The Transnational Cultural Studies Network on Conflicts and Identities is born as a proposal of convergence between specialists with a recognized trajectory in the study of war issues and the creation of collective identities from different theoretical and methodological approaches.
The Centre for War Studies promotes a wide range of international research activities focused on the origins, nature, and consequences of all war-related violence from ancient times to the present day.
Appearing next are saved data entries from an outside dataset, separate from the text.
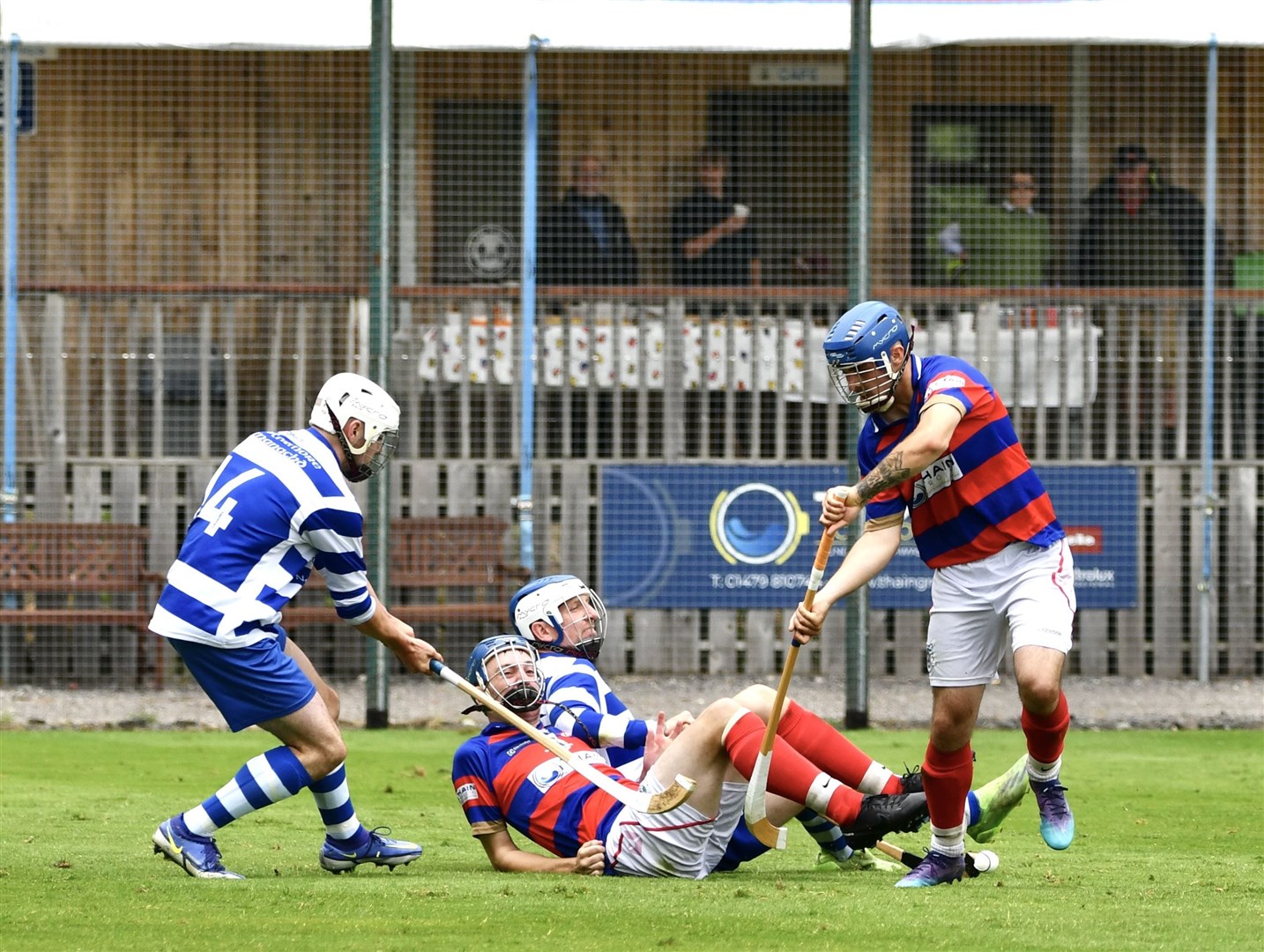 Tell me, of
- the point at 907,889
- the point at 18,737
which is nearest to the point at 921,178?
the point at 18,737

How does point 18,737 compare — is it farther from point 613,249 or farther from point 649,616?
point 613,249

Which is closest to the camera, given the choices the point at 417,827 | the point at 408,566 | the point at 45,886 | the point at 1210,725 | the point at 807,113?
the point at 45,886

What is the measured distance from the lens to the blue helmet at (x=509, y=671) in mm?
6422

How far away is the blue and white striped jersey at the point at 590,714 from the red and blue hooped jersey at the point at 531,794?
5.5 inches

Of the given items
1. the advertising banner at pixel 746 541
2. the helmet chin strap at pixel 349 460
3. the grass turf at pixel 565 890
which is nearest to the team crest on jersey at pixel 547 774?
the grass turf at pixel 565 890

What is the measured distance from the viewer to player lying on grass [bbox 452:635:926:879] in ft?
19.4

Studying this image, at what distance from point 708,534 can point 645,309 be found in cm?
165

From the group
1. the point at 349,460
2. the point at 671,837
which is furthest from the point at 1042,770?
the point at 349,460

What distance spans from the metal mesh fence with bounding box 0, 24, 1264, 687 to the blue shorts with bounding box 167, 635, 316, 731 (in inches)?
260

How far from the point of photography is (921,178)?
15.1m

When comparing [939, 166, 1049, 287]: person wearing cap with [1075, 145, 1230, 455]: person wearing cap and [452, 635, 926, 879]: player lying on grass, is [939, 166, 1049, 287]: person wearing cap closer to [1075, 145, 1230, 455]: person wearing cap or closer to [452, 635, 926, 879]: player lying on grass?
[1075, 145, 1230, 455]: person wearing cap

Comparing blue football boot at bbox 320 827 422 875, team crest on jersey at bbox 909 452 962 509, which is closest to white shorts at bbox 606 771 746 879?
blue football boot at bbox 320 827 422 875

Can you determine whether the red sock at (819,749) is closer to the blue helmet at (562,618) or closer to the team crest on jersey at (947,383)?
the blue helmet at (562,618)

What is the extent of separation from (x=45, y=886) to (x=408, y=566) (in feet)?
24.7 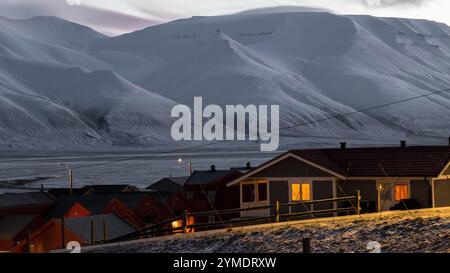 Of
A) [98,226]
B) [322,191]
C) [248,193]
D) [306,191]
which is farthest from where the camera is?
[98,226]

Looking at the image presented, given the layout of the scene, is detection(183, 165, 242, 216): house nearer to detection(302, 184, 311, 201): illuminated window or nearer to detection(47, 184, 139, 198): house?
detection(47, 184, 139, 198): house

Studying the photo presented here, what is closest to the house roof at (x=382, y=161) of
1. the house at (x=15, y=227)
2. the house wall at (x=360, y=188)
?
the house wall at (x=360, y=188)

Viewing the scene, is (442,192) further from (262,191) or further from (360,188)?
(262,191)

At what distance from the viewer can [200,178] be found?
292 feet

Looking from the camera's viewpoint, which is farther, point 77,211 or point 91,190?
point 91,190

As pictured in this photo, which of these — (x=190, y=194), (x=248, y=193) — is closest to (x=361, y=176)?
(x=248, y=193)

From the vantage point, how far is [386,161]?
1655 inches

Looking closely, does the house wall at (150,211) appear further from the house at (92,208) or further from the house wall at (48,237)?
the house wall at (48,237)

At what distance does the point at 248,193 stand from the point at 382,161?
8803mm

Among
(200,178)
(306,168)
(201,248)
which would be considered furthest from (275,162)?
(200,178) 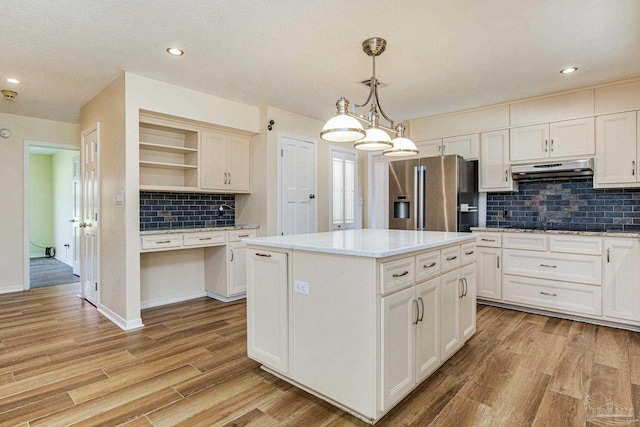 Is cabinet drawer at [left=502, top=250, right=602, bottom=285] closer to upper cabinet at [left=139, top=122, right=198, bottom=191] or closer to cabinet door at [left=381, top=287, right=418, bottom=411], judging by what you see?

The Warwick History of Violence Network provides a focus for all areas of research into personal, social, political, and cultural violence. This includes but is not limited to interpersonal violence comprising lethal violence (murder and manslaughter), non-lethal violence (assault and rape), and consensual violence; collective violence (carnival, charivari, and massacres); individual and group political violence (riots, strikes, terrorism and revolution); and state violence against the individual (execution, punishment, terror). The Network also investigates cultural polemics and violence. In addition, it ignores the traditional differentiation of war from violence.
The Centre is an inter-disciplinary and builds on current faculty research strengths and interests as well as reaches out to colleagues across South Asia and internationally. Members of the English Department teach, research, and have publications in areas ranging from memories of Partition to Dalit literature to gender studies to representations of war and much else related to the Centre’s focus.